Tuesday, August 18, 2009

Where in the world was Diego Garcia?



Perhaps I should ask where in the world is Diego Garcia, because at the moment it actually exists - as an atoll in the Pacific ocean about 1,000 miles south of the southern tip of India. It is owned by the United Kingdom; the UK and US jointly operate a large military installation there. The story of how it came to its present ownership and use is interesting, but not what I want to talk about here. Diego Garcia, like many atolls, is not very far above sea level; average elevation on the atoll is about 9 feet. The atoll is one of many concerns of the people at the Pentagon who do long range planning and forecasting, and who need to take into account the likely consequences of global warming.
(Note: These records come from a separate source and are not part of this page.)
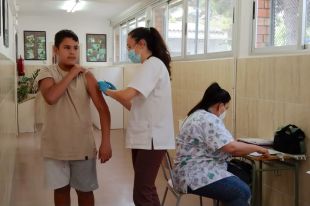 La Regió Sanitària de Girona inicia la vacunació contra el virus del papil·loma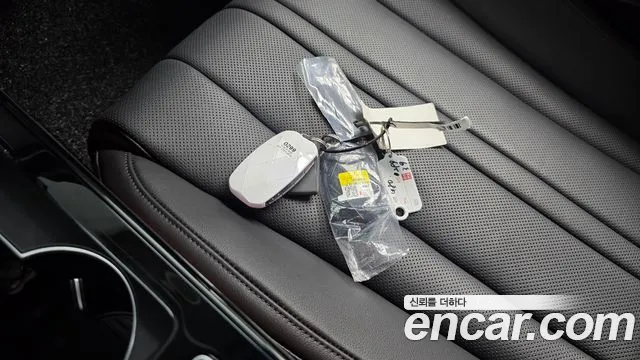 Genesis G80 2025 thumb 4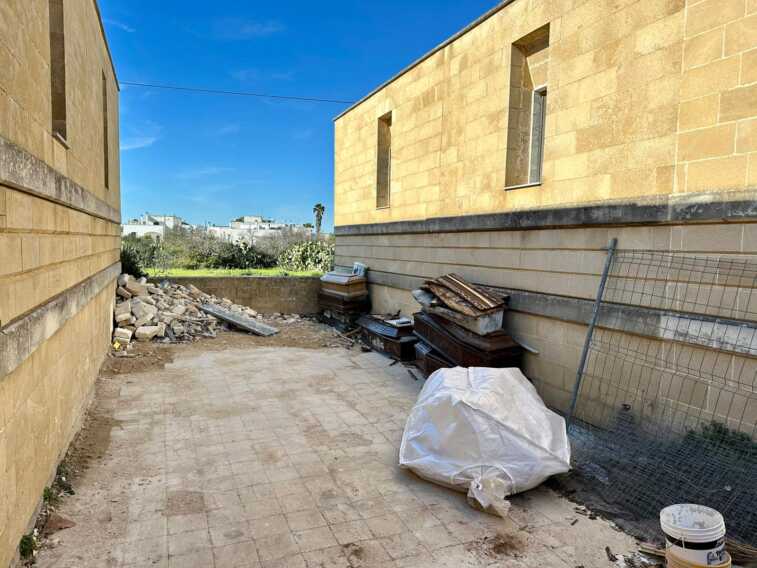 Bare accatastate a cielo aperto nel cimitero di Taviano: le immagini diventano virali – VIDEO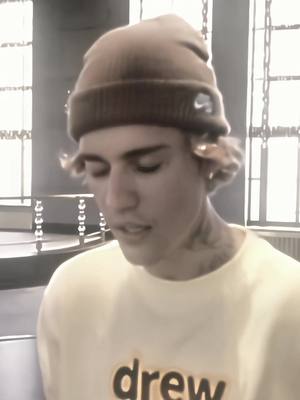 A post by @smilekidrauuhl on TikTok caption: Justin ate in Holy acoustic  #justinbieber #justin #bieber #jb #fyp #justinbieberedit #justinbieberedits #bizzle #bieberfever #belieber #beliebers #drewhouse #kidrauhl #haileybieber #jailey #foryou #justinbeiber #viral #music #biebertiktok #biebermania #justindrewbieber #fypシ #foryoupage #holy #acoustic @Justin Bieber 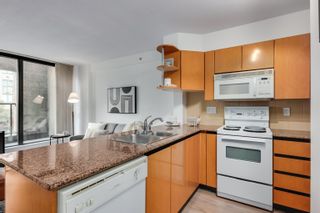 Photo 11: 209 1189 HOWE Street in Vancouver: Downtown VW Condo for sale in "The Genesis" (Vancouver West)  : MLS®# R2735716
One of those is a rise in sea level. That the sea level is rising is incontrovertible; but how rapidly and how far? The complexity of the global climate model makes for a lot of uncertainty in this aspect of climate change. What one can say is that processes that produce a rising sea level – for example, loss of the Greenland ice cap - are advancing at rates substantially greater than had been anticipated just a few years ago. Land masses such as Diego Garcia with low elevations are particularly sensitive to a rise in sea level, because weather events and tsunamis push water far up onto the land mass. It is not easy to find shelter on an atoll from even a relatively small tsunami. Maybe in the not too distant future we will ask where Diego Garcia was. So it is no surprise that Pentagon planners are thinking about this little atoll and many other installations, as well as about the social disorders that will surely accompany a rising sea level in poor nations that lie at low elevation, notably Bangladesh. John M. Broder recently reported on this topic in the New York Times. The prospects for future disruptions that will adversely affect national security are evident to many in the Pentagon and to many legislators in congress.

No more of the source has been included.